INSTRUCTIONS TO FOLLOW
Print, exactly as they stand, the lines below from the one that has "ゆったりとした入口の建物" to the one that has "Zakończyła się wymiana", inclusive, leaving out the pictures.

Segment Start: DATA SUPPLIED

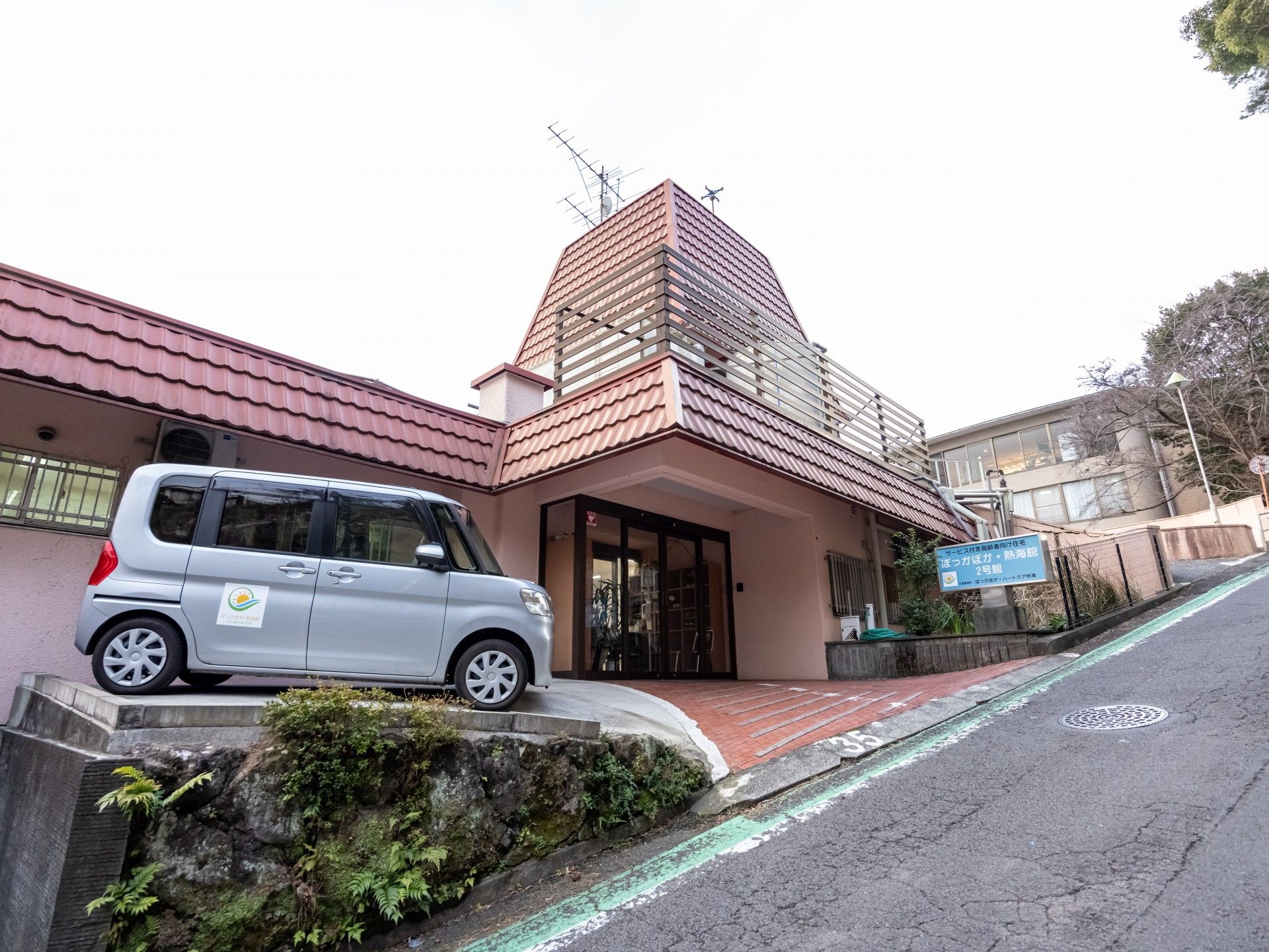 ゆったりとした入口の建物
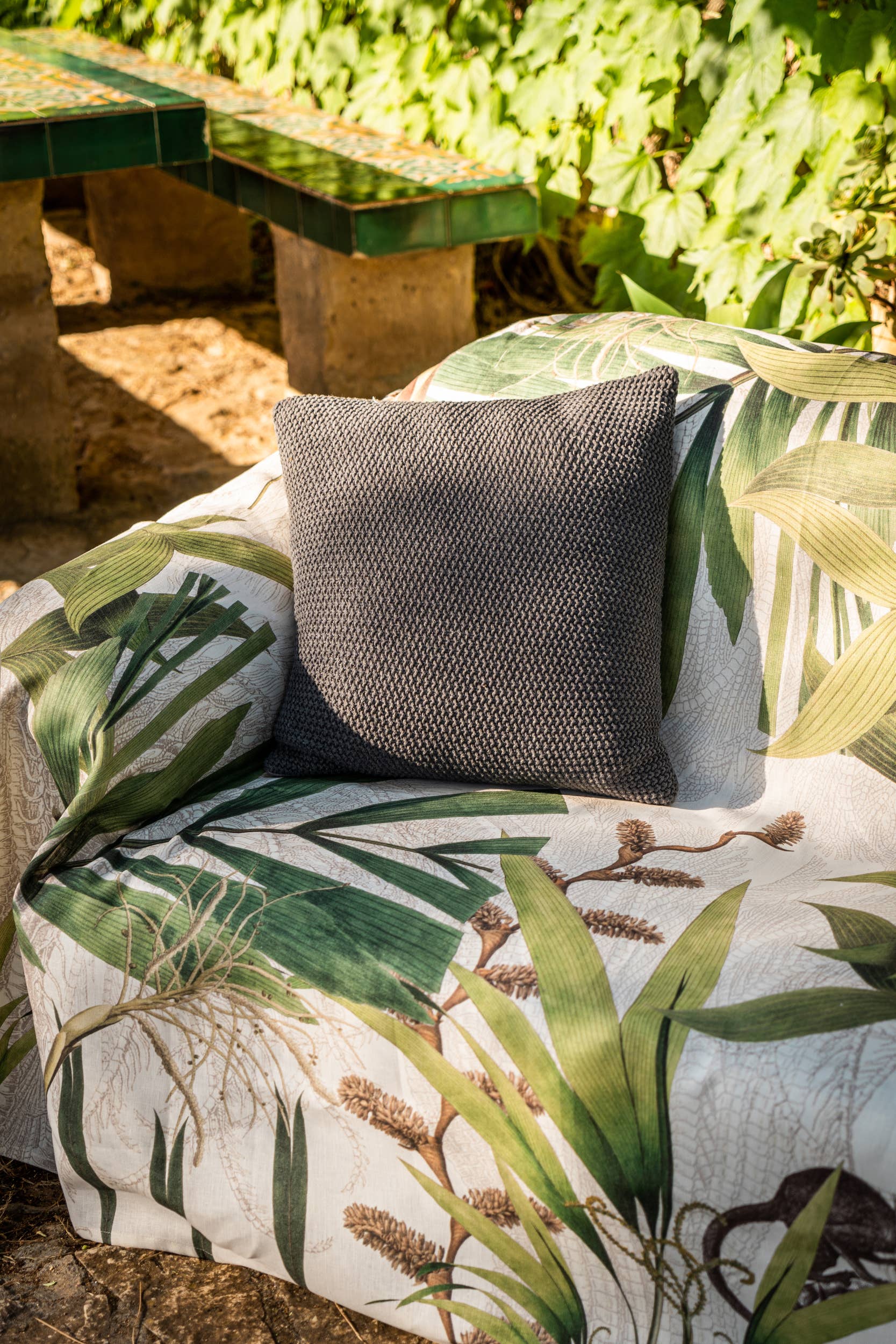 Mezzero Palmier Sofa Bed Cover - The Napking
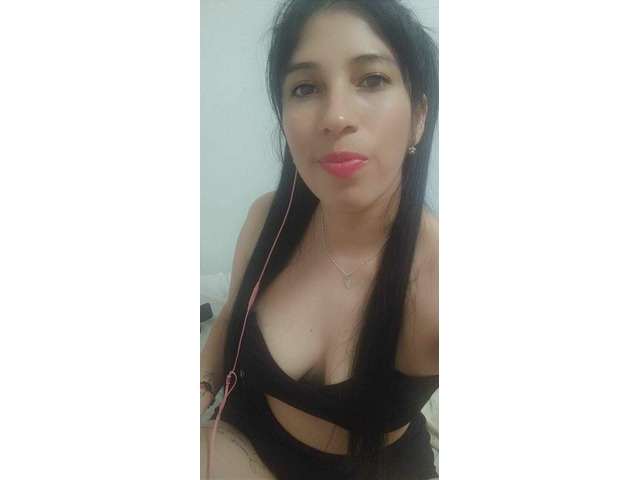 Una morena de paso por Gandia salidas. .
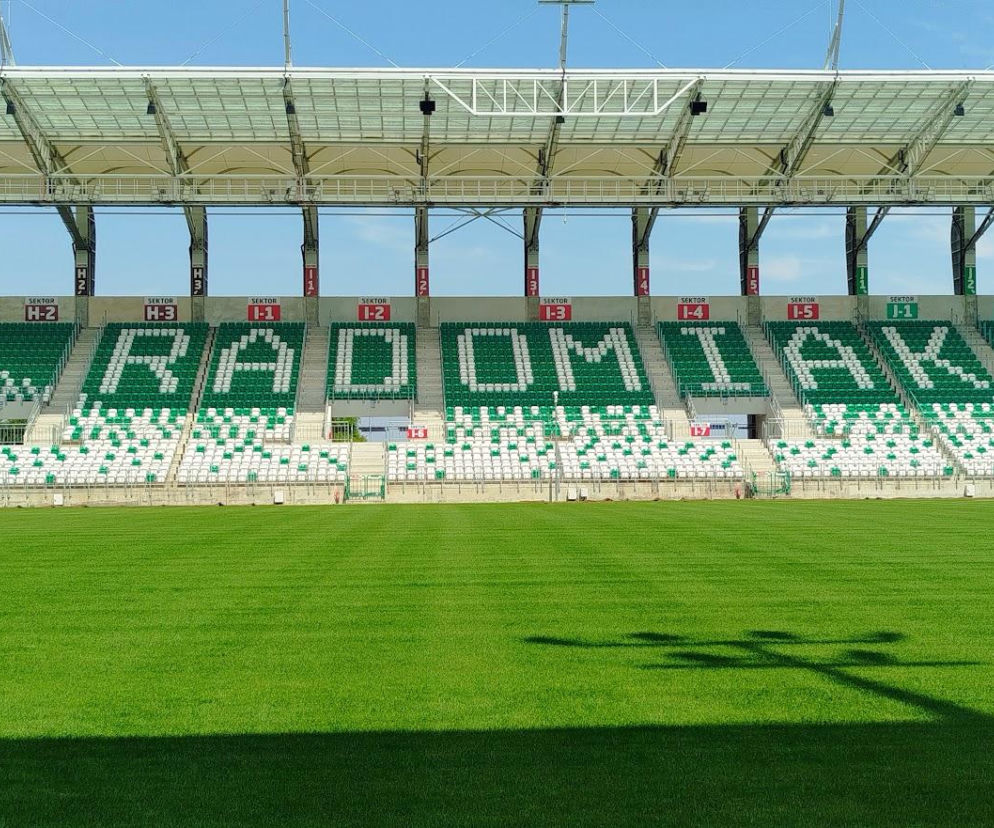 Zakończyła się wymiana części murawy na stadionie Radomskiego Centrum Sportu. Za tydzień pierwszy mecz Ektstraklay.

Segment End: DATA SUPPLIED
Segment Start: DATA SUPPLIED

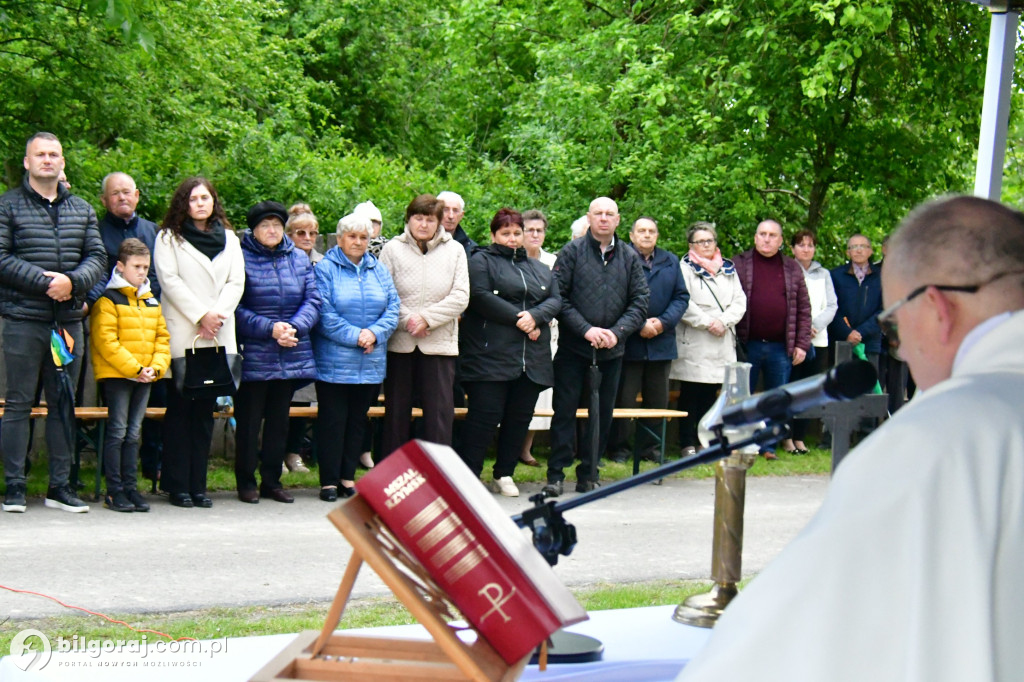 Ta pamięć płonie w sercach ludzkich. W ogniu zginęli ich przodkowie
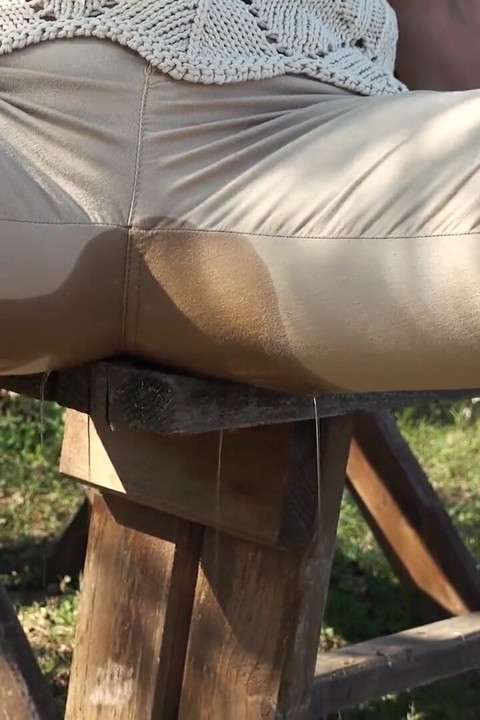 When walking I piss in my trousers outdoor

Segment End: DATA SUPPLIED

SOLUTION BELOW
 ゆったりとした入口の建物
 Mezzero Palmier Sofa Bed Cover - The Napking
 Una morena de paso por Gandia salidas. .
 Zakończyła się wymiana części murawy na stadionie Radomskiego Centrum Sportu. Za tydzień pierwszy mecz Ektstraklay.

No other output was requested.